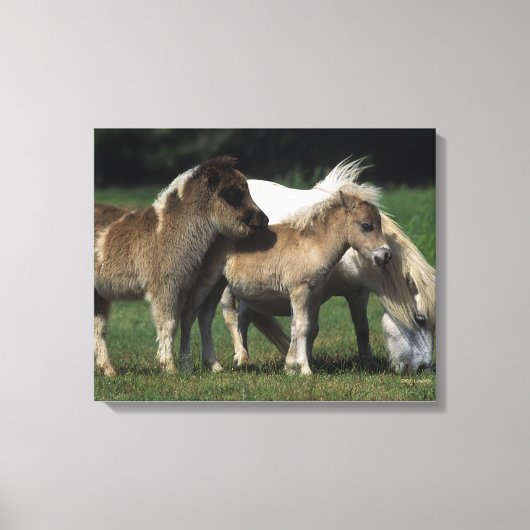 Miniatuur Mare & Foals 3 Canvas Afdruk (Voorkant)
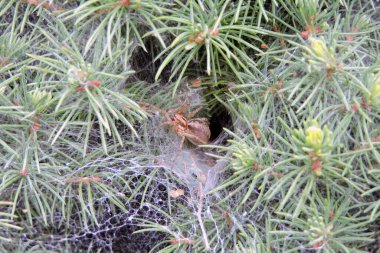 Ağdan yapılmış bir huninin içinde bir örümcek, beyaz ladin üzerinde dönen düz bir ağ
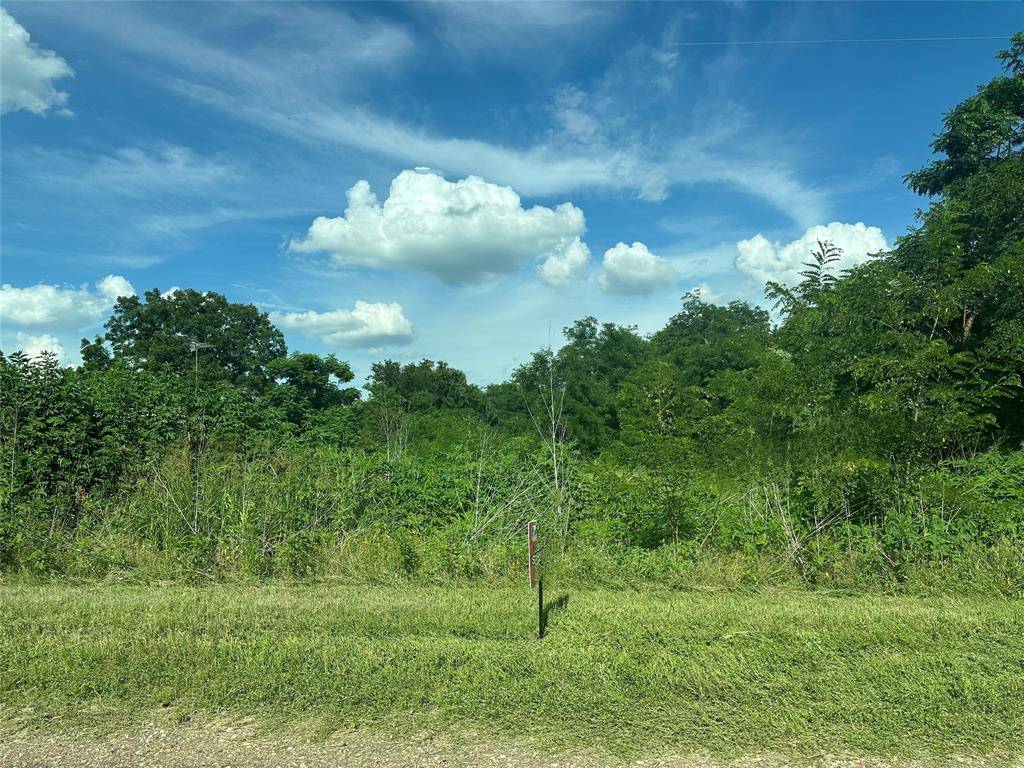 Marlin, TX 76661,TBD County Road 287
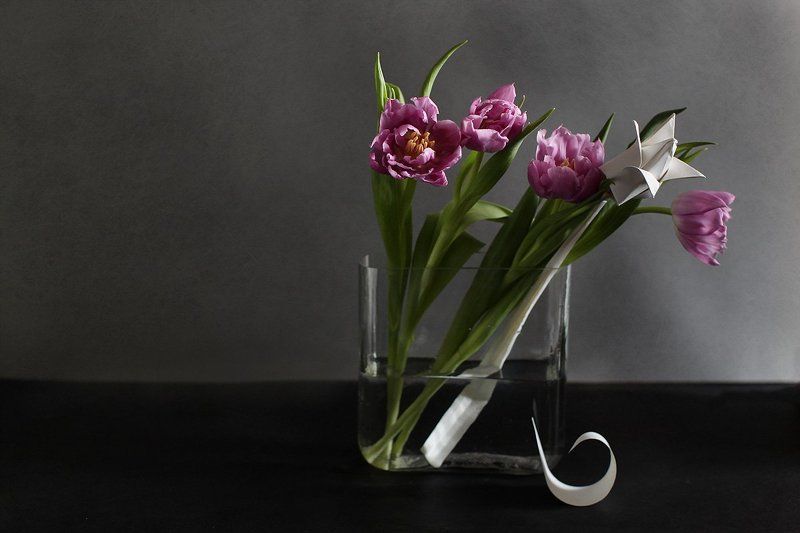 Из другого тестаphoto preview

## EXERCISE INSTRUCTIONS:
Copy the whole of the material above exactly, and exclude every picture.

## WRITTEN RESPONSE:
 Miniatuur Mare & Foals 3 Canvas Afdruk (Voorkant)
 Ağdan yapılmış bir huninin içinde bir örümcek, beyaz ladin üzerinde dönen düz bir ağ
 Marlin, TX 76661,TBD County Road 287
 Из другого тестаphoto preview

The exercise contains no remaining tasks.